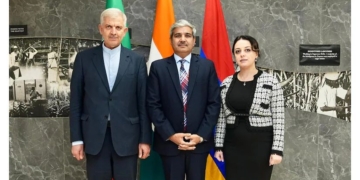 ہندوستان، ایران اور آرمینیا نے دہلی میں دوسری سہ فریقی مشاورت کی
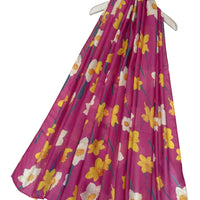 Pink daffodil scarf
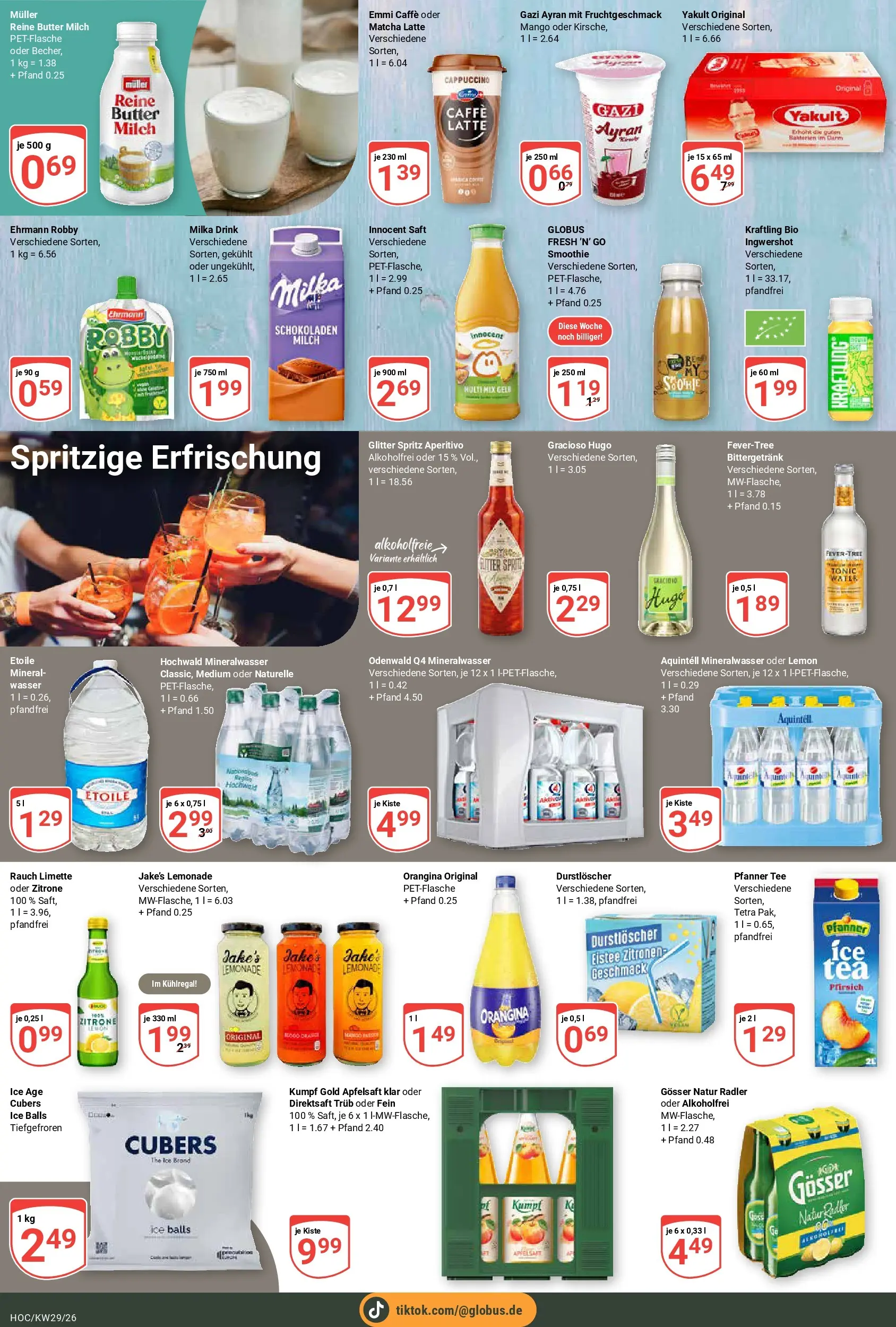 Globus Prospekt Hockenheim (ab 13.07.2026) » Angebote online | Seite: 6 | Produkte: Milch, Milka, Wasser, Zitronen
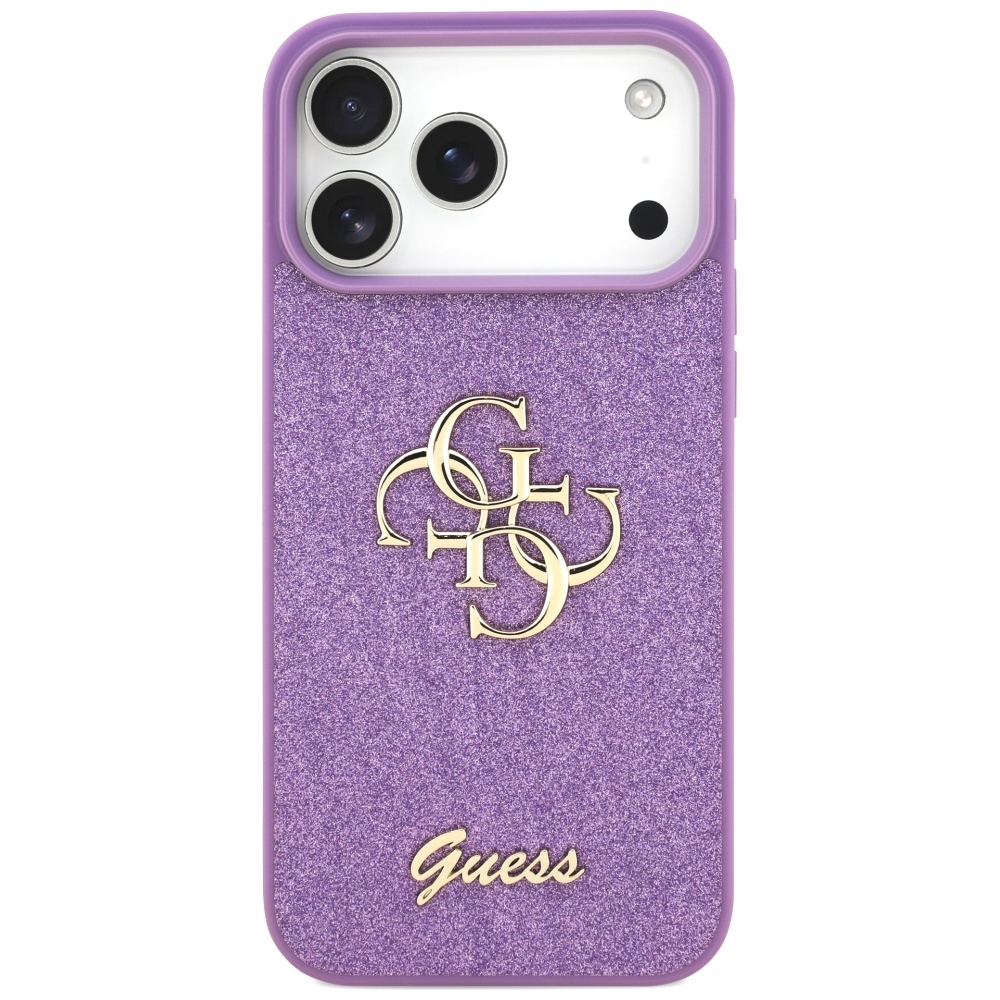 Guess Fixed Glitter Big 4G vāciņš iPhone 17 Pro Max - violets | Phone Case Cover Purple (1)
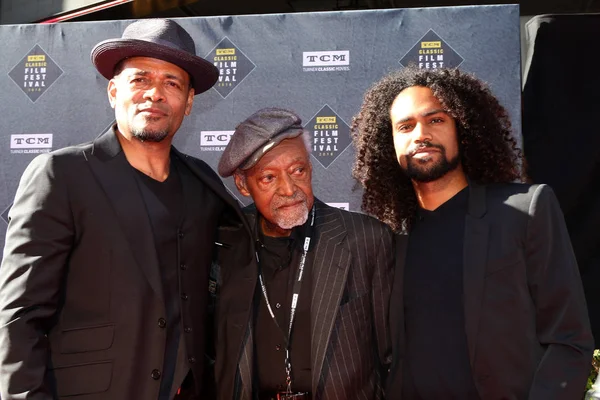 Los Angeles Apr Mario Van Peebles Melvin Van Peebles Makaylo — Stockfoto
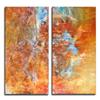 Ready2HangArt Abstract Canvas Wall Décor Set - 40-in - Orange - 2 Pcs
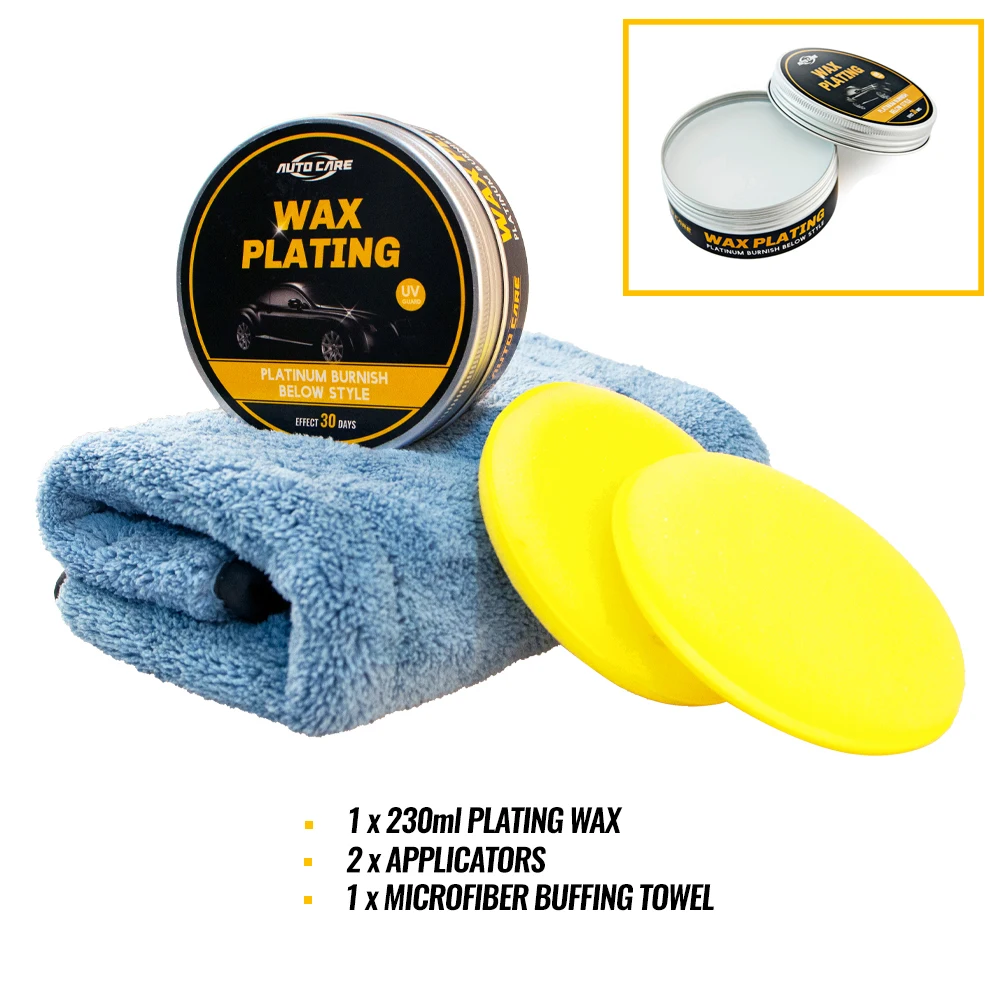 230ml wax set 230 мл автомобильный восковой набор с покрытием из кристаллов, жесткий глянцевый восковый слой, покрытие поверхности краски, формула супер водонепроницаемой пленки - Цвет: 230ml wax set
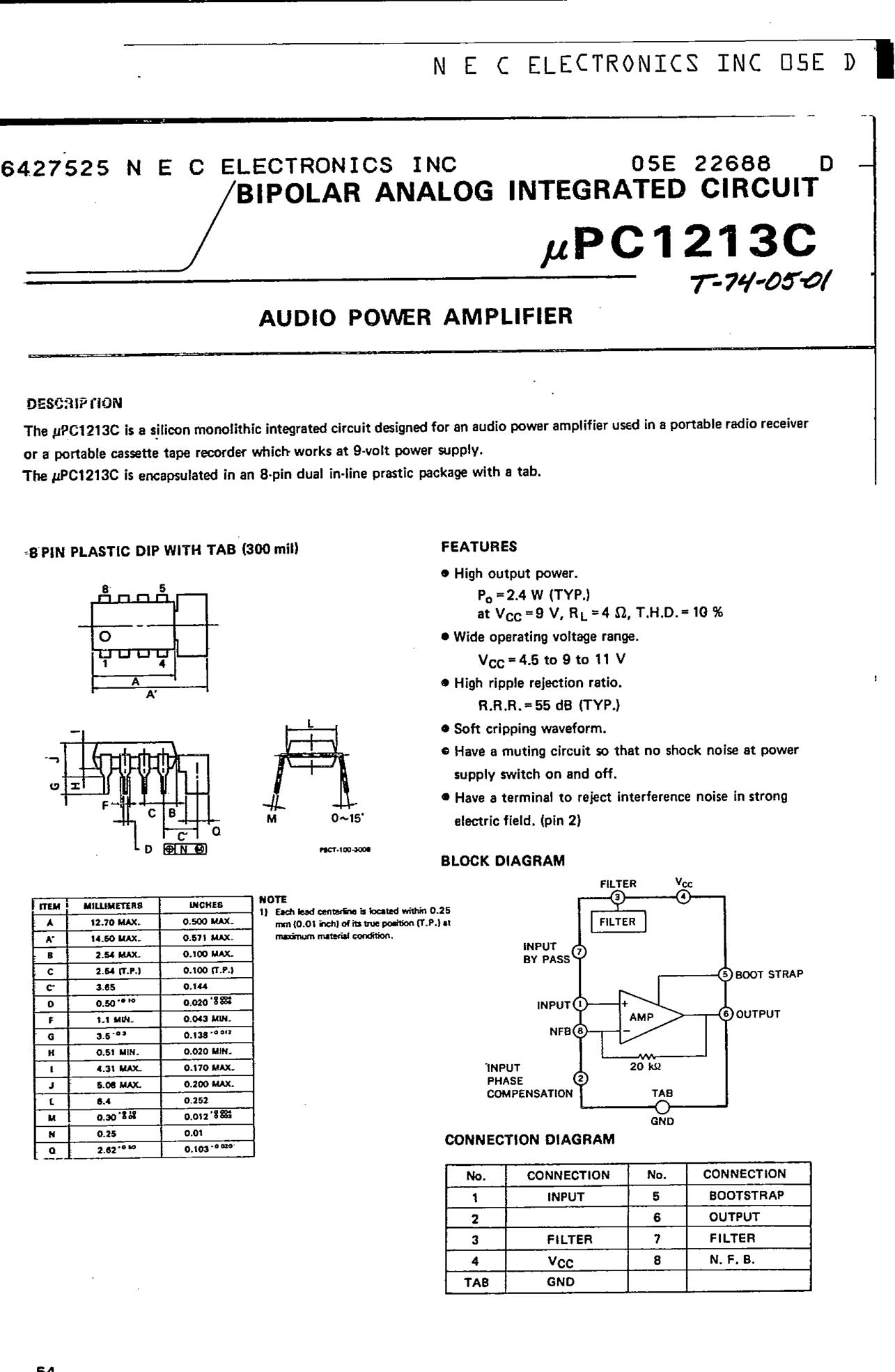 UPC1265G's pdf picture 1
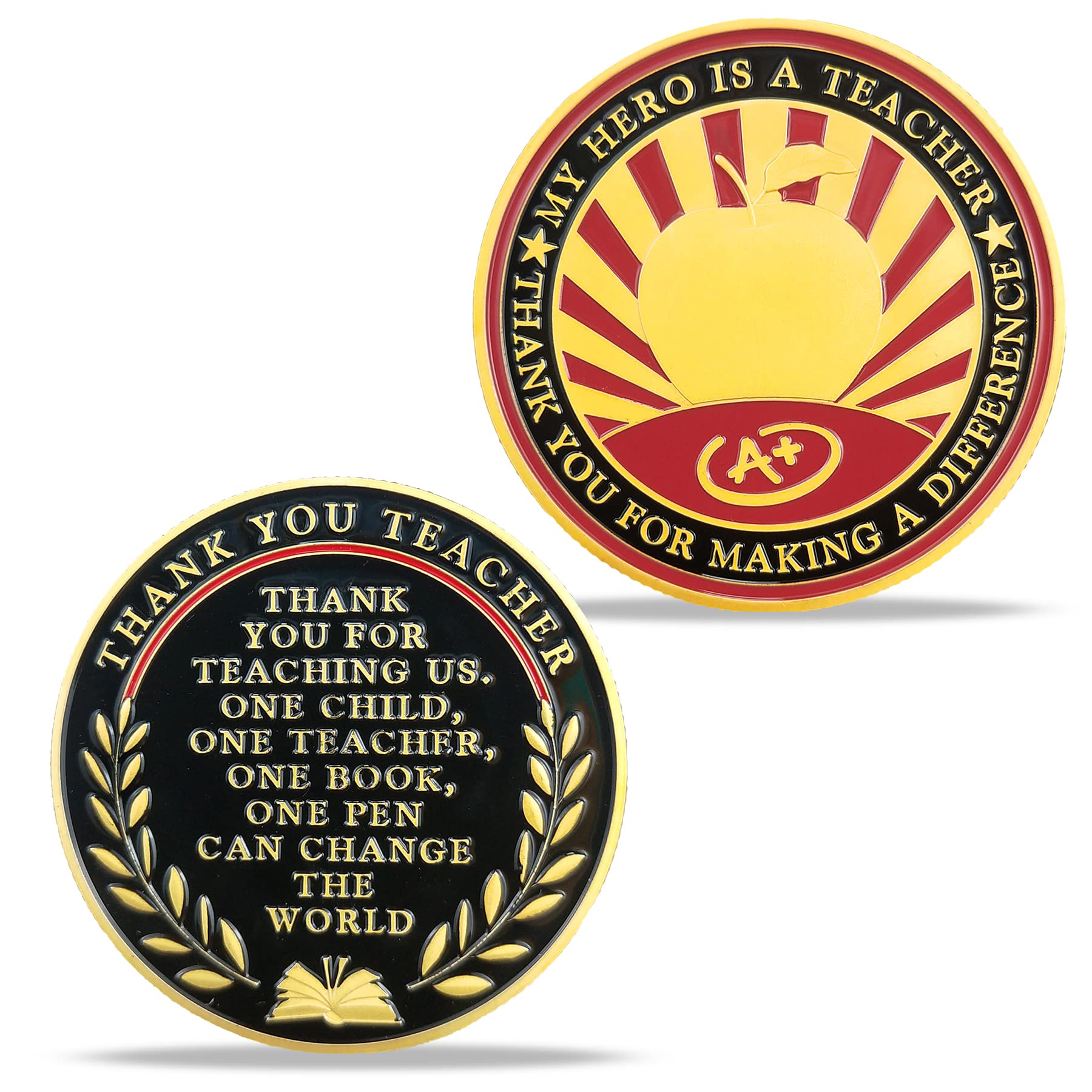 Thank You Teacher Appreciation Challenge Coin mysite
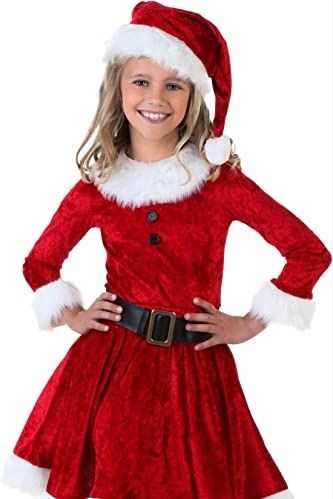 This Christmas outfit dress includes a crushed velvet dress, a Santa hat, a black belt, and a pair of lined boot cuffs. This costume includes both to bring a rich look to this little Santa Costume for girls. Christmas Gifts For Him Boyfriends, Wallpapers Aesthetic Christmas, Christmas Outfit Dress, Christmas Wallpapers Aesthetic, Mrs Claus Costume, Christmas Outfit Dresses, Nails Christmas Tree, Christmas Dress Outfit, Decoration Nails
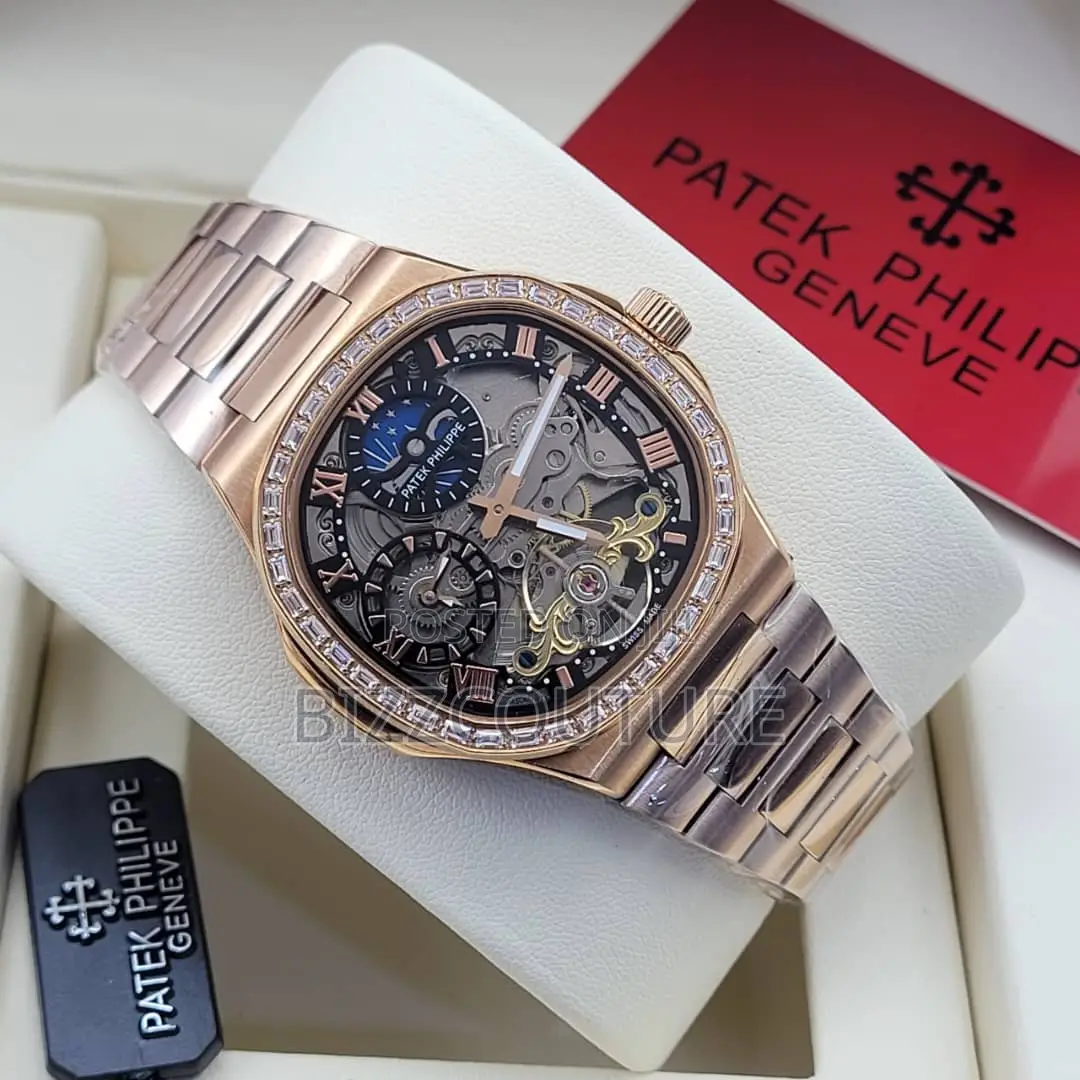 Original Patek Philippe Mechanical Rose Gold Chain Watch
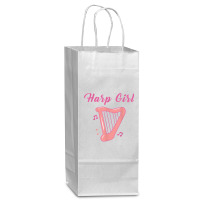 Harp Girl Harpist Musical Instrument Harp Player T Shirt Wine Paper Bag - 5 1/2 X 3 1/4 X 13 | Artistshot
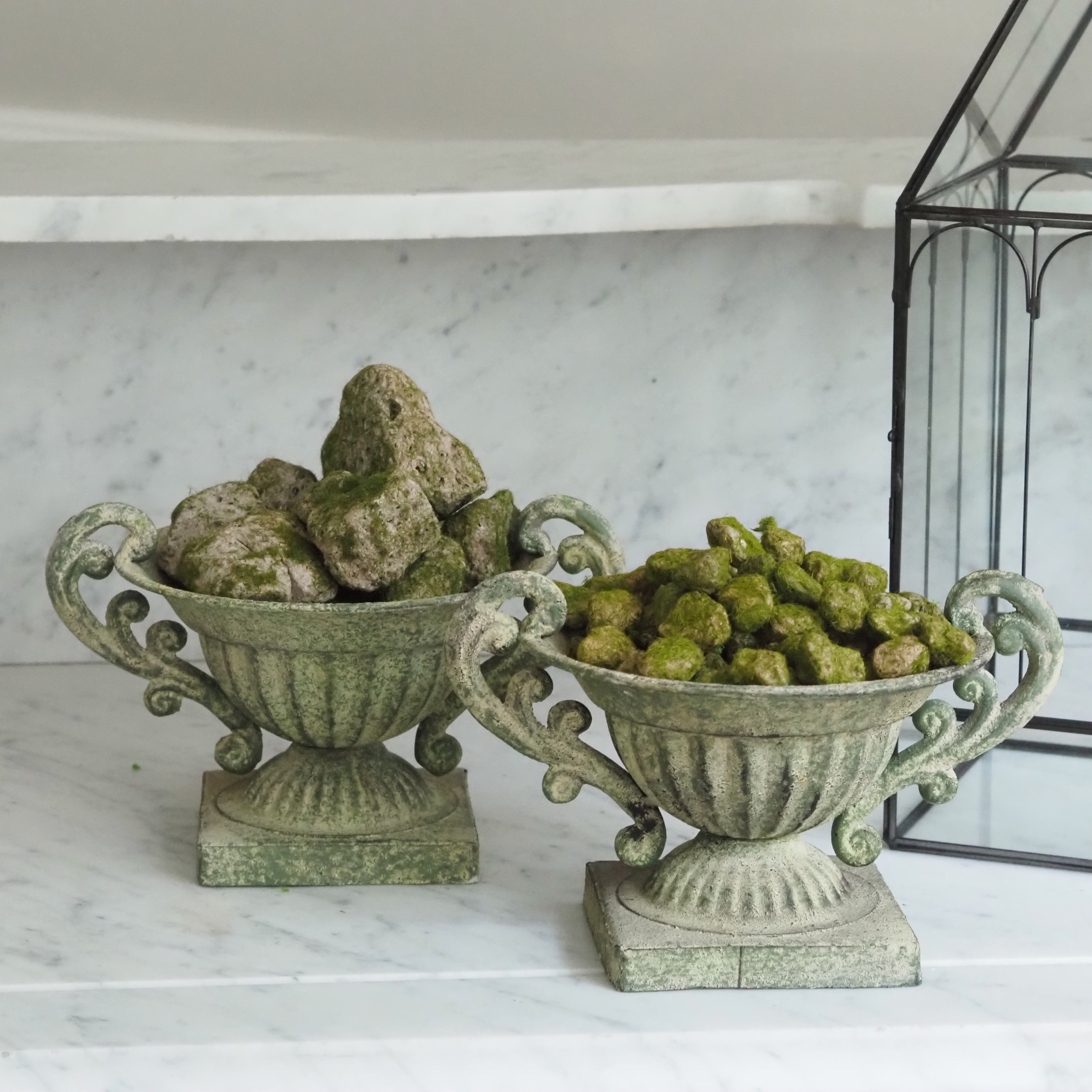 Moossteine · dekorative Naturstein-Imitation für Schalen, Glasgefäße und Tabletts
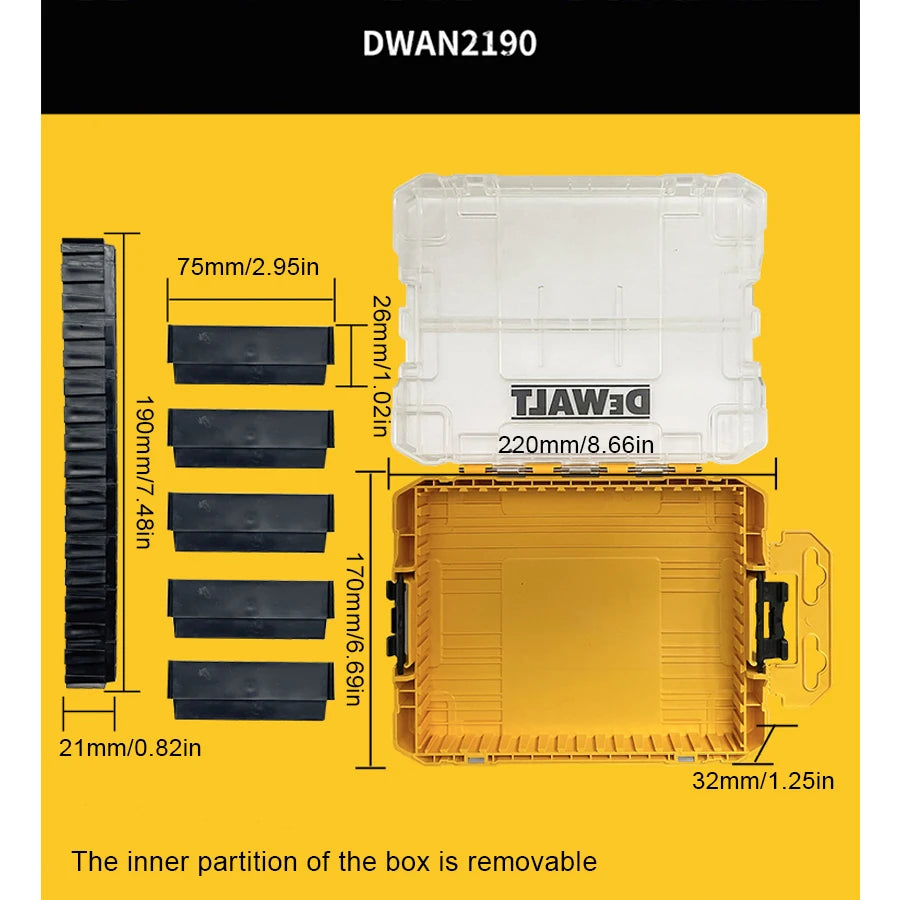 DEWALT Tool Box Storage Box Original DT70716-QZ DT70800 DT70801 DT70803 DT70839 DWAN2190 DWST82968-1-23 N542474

_____

**Task requirements**
Print nothing except the lines above from the one containing "Globus Prospekt Hockenheim" down to the one containing "Ready2HangArt Abstract Canvas", both included, exactly as written and free of pictures.

**Solution for this exercise**
 Globus Prospekt Hockenheim (ab 13.07.2026) » Angebote online | Seite: 6 | Produkte: Milch, Milka, Wasser, Zitronen
 Guess Fixed Glitter Big 4G vāciņš iPhone 17 Pro Max - violets | Phone Case Cover Purple (1)
 Los Angeles Apr Mario Van Peebles Melvin Van Peebles Makaylo — Stockfoto
 Ready2HangArt Abstract Canvas Wall Décor Set - 40-in - Orange - 2 Pcs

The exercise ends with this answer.